En s’adressant au congrès de l’Union sacrée, Félix Tshisekedi a rappelé que l’initiative de tout dialogue dépendait exclusivement de lui. Plus qu’un simple rappel protocolaire, cette déclaration consacre sa volonté de maîtriser le calendrier politique et de se poser comme arbitre unique des rapports de force.
En République démocratique du Congo, où le mot « dialogue » renvoie à l’histoire des compromis nationaux censés dénouer les crises, cette posture prend un sens particulier : il ne s’agit pas d’un refus, mais d’un verrouillage du processus.
Cette position, qui place le processus sous son contrôle, éclaire la manière dont il entend gérer les équilibres politiques d’ici 2028.
Le président maître du calendrier
En se réservant le droit de lancer ou non un dialogue, le chef de l’État confirme sa volonté de garder la maîtrise du calendrier politique. Dans un pays où les dialogues nationaux ont souvent permis de résoudre des crises institutionnelles, ce rappel marque une continuité avec l’histoire politique congolaise, tout en recentrant la décision au sommet de l’État.
Les enjeux du report
Un dialogue ouvert trop tôt pourrait impliquer des concessions : élargissement du gouvernement, ajustements institutionnels ou compromis politiques. En différant cette perspective, Félix Tshisekedi conserve une marge de manœuvre plus large et préserve l’équilibre actuel de ses alliances.
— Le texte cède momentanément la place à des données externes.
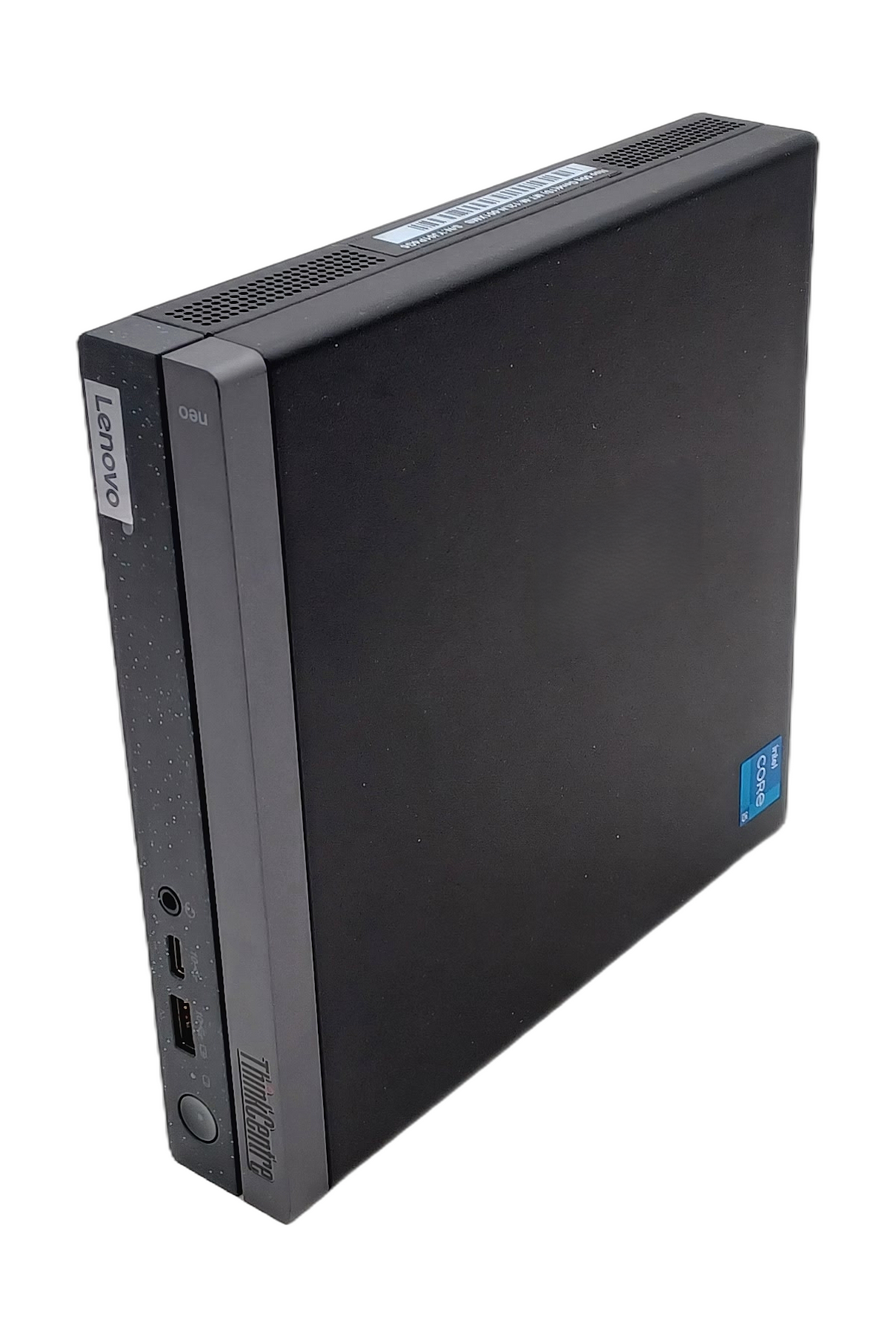 Lenovo ThinkCentre neo 50q Gen4 Micro PC, 13th Gen i5, 8GB RAM, 256GB SSD, Win11
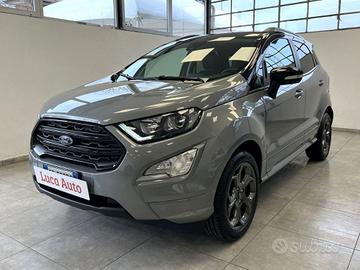 FORD EcoSport 1.0 EcoBoost 125CV S&S ST-Line *UN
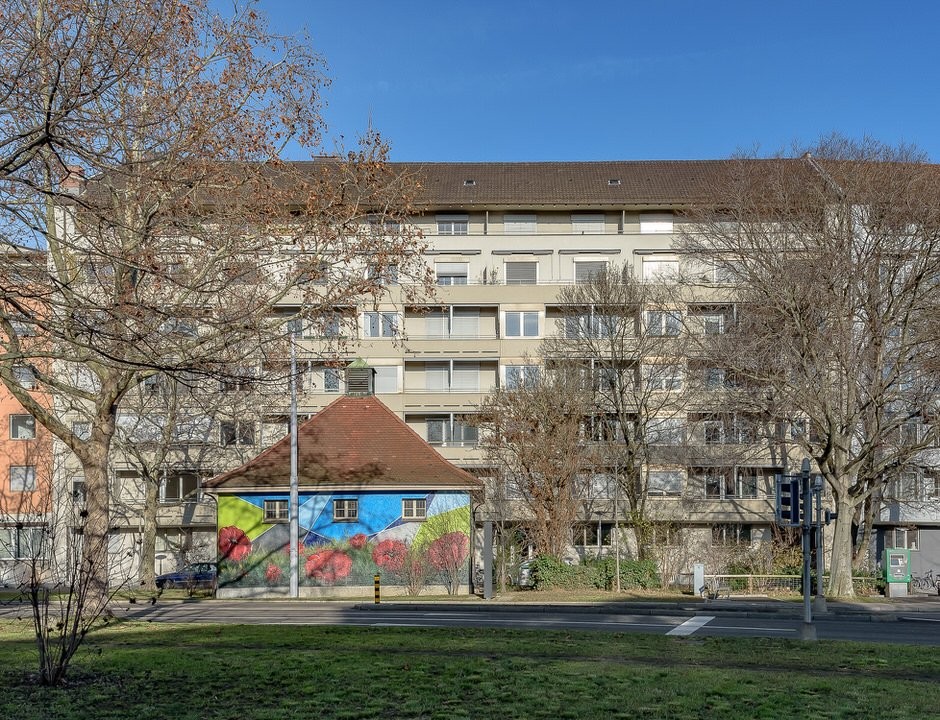 Appartement de 2 pièces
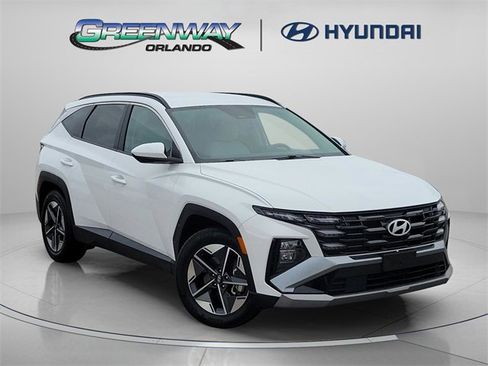 Used 2025 Hyundai Tucson SEL image 1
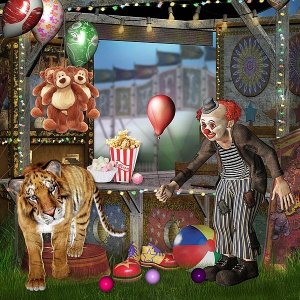 Magic Carnival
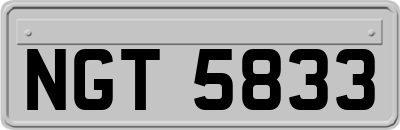 NGT5833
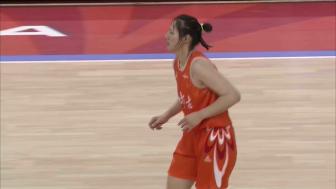 03月05日 WCBA 武汉女篮vs山西女篮 视频录像集锦 精彩战报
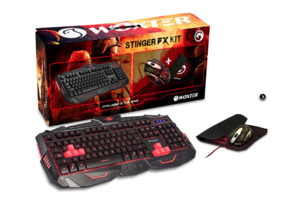 Acquista KIT WOXTER STINGER FX80 KIT WOXTER STINGER FX80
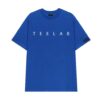 Áo thun Nam Nữ Form rộng freesize in chữ TEELAB không nóng co giãn 4 chiều Freesize Fashion - Ảnh 5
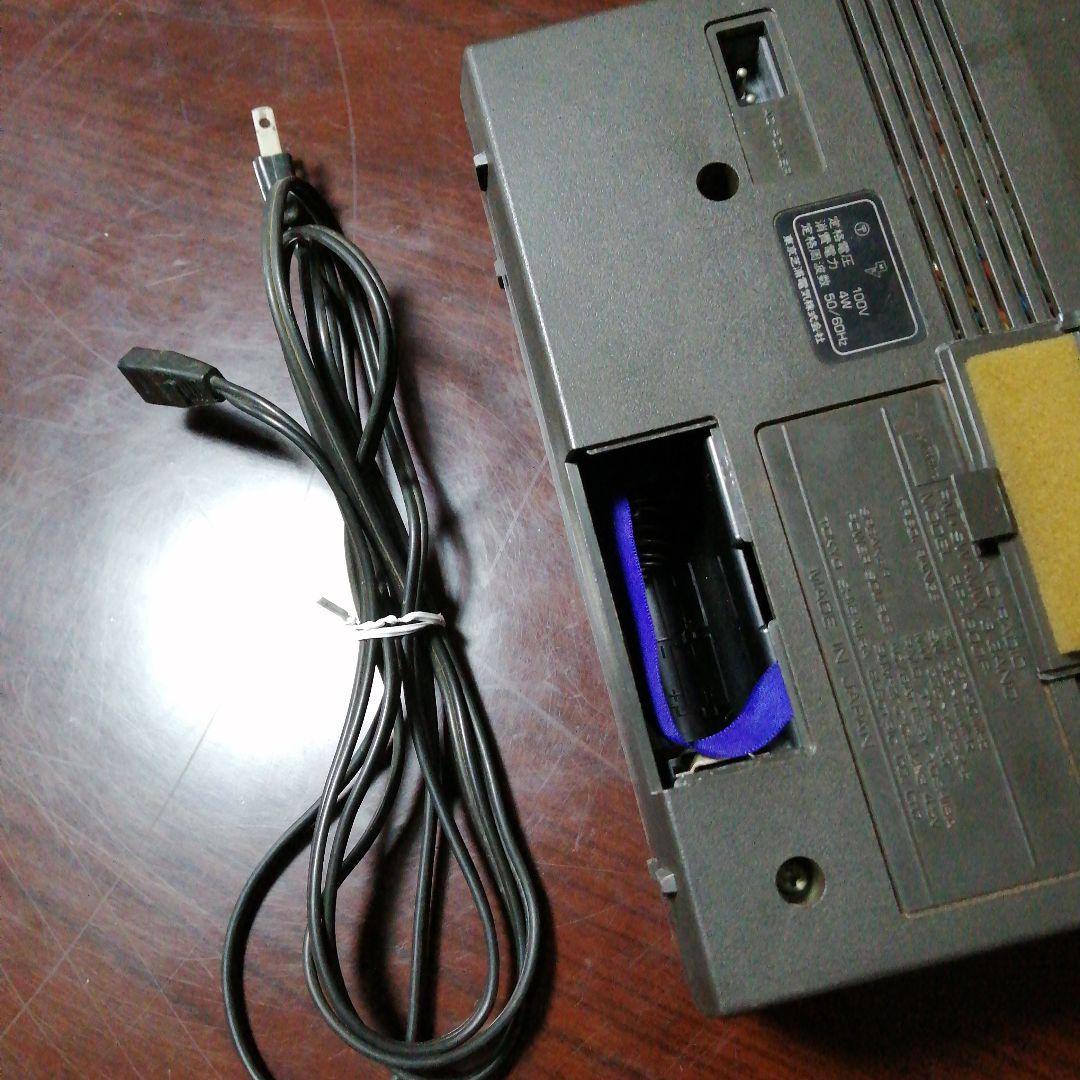 東芝　TRY X 1600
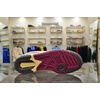 image:imageNew Balance Kids 574 Newb V2 Familiar Ground Hook and Loop SneakerWhite Plum Blue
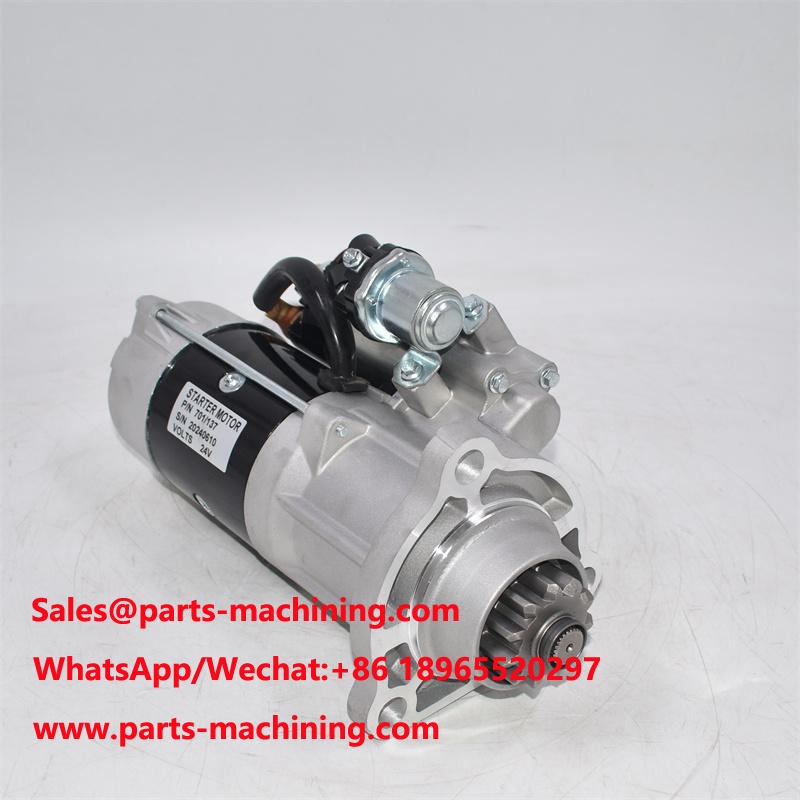 Original 701-137 Anlasser 701/137 M105R3026SE
    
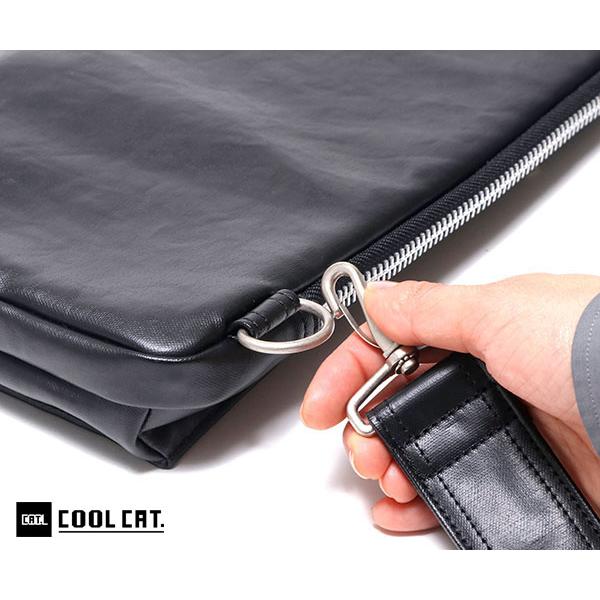 【美品】PORTER ブラック ショルダーバッグ ポーター フラッグ バーティカルショルダーバッグ 867-17100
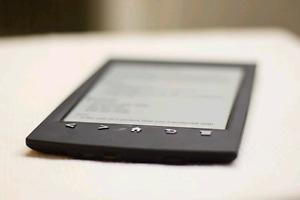 Sony ereader PRS T2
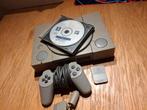 PlayStation 1 (omgebouwd) met 3 games + controller + memory, Games en Spelcomputers, Spelcomputers | Sony PlayStation 1, Ophalen of Verzenden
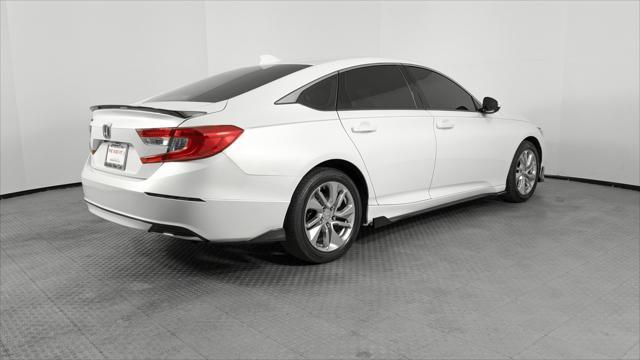 used 2018 Honda Accord car, priced at $14,499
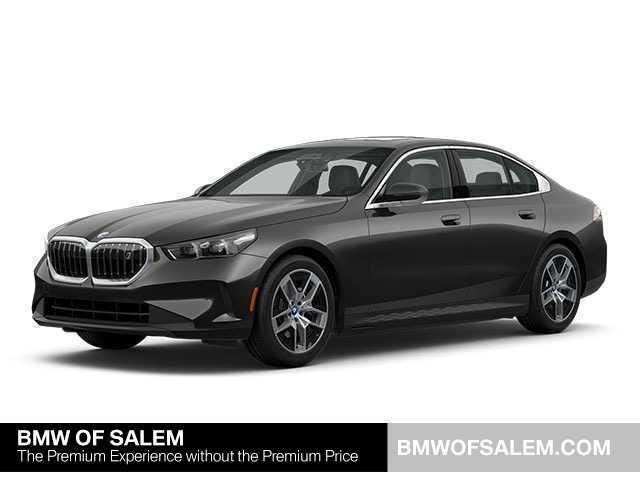 new 2026 BMW i5 car, priced at $77,840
La question d’un dialogue en fin de mandat reste toutefois présente, certains acteurs y voyant un possible cadre de négociation pour préparer l’après-2028.
Un outil politique récurrent
Officiellement, le dialogue est présenté comme une solution de stabilisation. Mais dans les faits, il est devenu une arme politique : un outil pour rassurer l’opinion et les partenaires extérieurs, tout en évitant l’imprévisible des négociations.
La méthode n’est pas nouvelle en RDC. De Mobutu à Kabila, les dialogues ont souvent servi à prolonger un règne plus qu’à ouvrir une véritable alternance. Tshisekedi reprend ce schéma, en en faisant un instrument de gestion plutôt qu’un espace de changement. La posture actuelle du président s’inscrit dans cette tradition : maintenir l’idée du dialogue comme option, sans en préciser les contours immédiats.
Une attente de la société civile
Pour une partie de la population et des organisations citoyennes, le dialogue reste perçu comme un mécanisme de sortie de crise ou de consolidation démocratique. Mais son efficacité dépendra des conditions dans lesquelles il serait convoqué et de la volonté des acteurs politiques de s’y engager de manière constructive. Sans vigilance de la société civile et des forces politiques, il risque de se réduire à un écran de fumée.
Entre continuité et incertitude
À ce stade, Félix Tshisekedi n’a pas donné de calendrier précis. L’horizon 2028 apparaît comme une échéance clé, où la question d’un dialogue national pourrait être relancée. Reste à savoir s’il s’agira d’un outil de stabilisation politique ou d’un cadre plus large de transition.